**PROMPT:**
Make an exact copy of the lines from the one holding "African american man" through the end of the entries below, both ends kept, and of nothing else. Exclude pictures.
━━━ PROVIDED ENTRIES ━━━
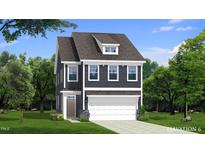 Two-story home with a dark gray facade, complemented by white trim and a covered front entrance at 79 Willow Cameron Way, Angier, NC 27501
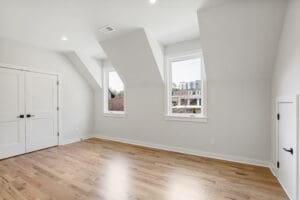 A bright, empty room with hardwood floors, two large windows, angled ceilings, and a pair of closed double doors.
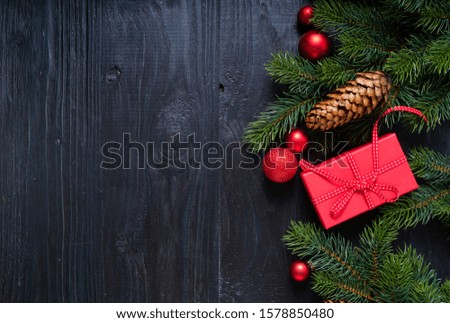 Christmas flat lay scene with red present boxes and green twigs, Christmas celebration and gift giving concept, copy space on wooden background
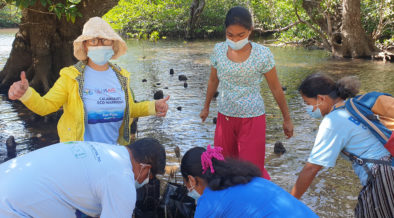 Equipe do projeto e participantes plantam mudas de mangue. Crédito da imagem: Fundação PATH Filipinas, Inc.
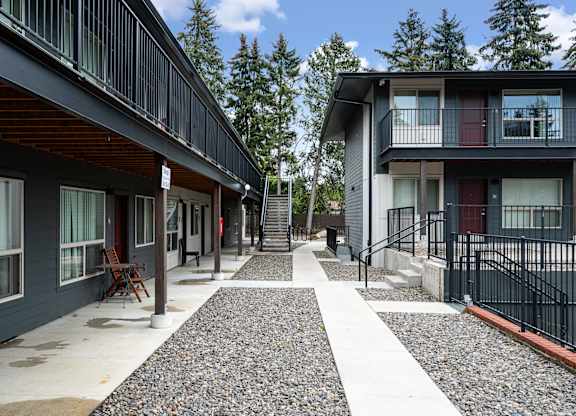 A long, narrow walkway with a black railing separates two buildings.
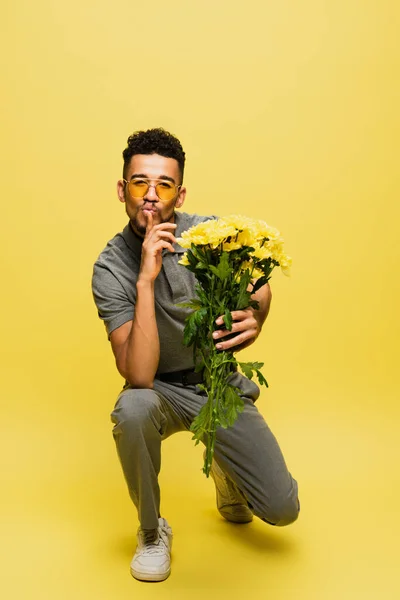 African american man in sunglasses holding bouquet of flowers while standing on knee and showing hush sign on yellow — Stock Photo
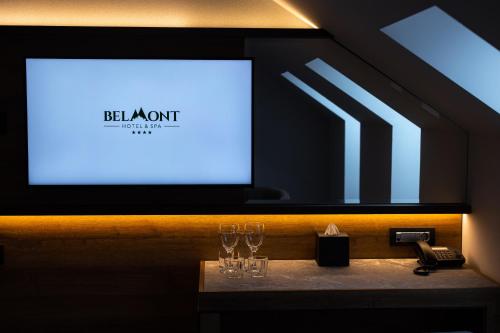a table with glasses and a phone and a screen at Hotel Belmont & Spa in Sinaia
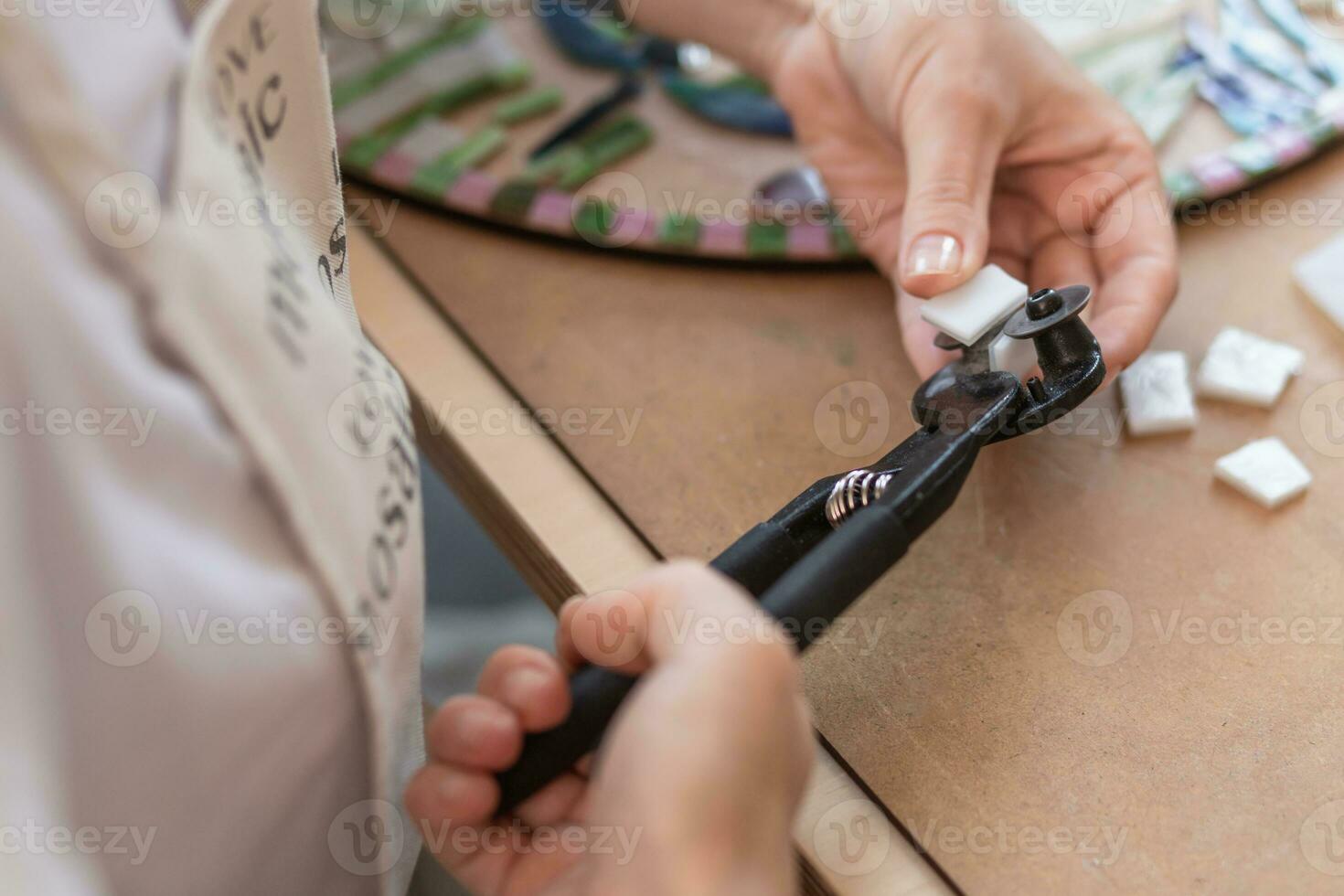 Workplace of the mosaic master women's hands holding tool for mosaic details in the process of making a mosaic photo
━━━
**RESPONSE:**
 African american man in sunglasses holding bouquet of flowers while standing on knee and showing hush sign on yellow — Stock Photo
a table with glasses and a phone and a screen at Hotel Belmont & Spa in Sinaia
 Workplace of the mosaic master women's hands holding tool for mosaic details in the process of making a mosaic photo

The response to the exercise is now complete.